March 22: Probably never in Pat Robertson's 79 years did he expect this: Ahead of his March 22 birthday, a group of students at Robertson's Regent University have formed a Regent Democrats club.

Recalling ecodisasters

March 24: The last bit of March is not a good time for environmentalists with long memories. Two decades ago on March 24, the Exxon Valdez oil supertanker ran aground on a reef and gurgled between 10 million and 35 million gallons of crude oil into Prince William Sound off the coast of Alaska.

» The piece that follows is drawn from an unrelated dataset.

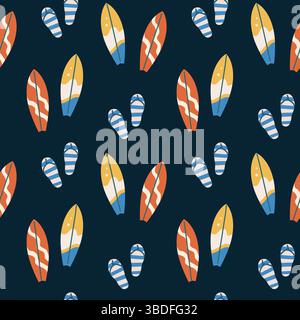 Surfboards and flip flops pattern for summer vacation design. Stock Vector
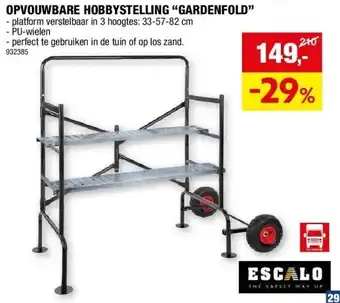 Hubo OPVOUWBARE HOBBYSTELLING “GARDENFOLD” aanbieding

And 30 years ago on March 28, the nuclear reactor at Three Mile Island in central Pennsylvania suffered a partial meltdown.

Bernanke's loan program

March 25: As a counterpart to the U.S. Treasury, the Federal Reserve will launch a program to bolster the market for auto and business loans. The Fed will commit $200 billion to loan to investors promising to buy up certain types of bad bank assets. If the Term Asset-Backed Securities Lending Facility program goes as Fed chairman Ben Bernanke hopes, it could free up close to $1 trillion in lending.

Same-sex site

March 31: To comply with the terms of a settlement of a 2005 lawsuit, internet dating website eHarmony will have to bring its gay dating website live by the end of March. The 2005 lawsuit alleged eHarmony, which does not match gays and lesbians, violated New Jersey anti-discrimination statutes. The new website, CompatiblePartners.net, was listed as "under construction" as of March 12.

Mission to Mars

March 31: In a precursor to a manned mission to Mars, the European Space Agency in conjunction with Russia's space agency will begin a 105-day simulation with six pseudo-cosmonauts. The six will enter an isolation chamber outside of Moscow to begin studying the effects of the prolonged isolation of a manned Mars mission. The cohabitants will be limited to communicating with the outside world via email and with project leaders through voice transmissions delayed 20 minutes to simulate communication problems from the Red Planet.

NATO turns 60

April 4: Founded, according to its first secretary general, "to keep the Russians out, the Americans in and the Germans down," NATO will celebrate its 60th anniversary with a summit co-hosted by German Chancellor Angela Merkel and French President Nicolas Sarkozy. The pair will hope to overcome their sometimes-icy relationship to pull off the summit in the French border town Strasbourg and its German counterpart Kehl.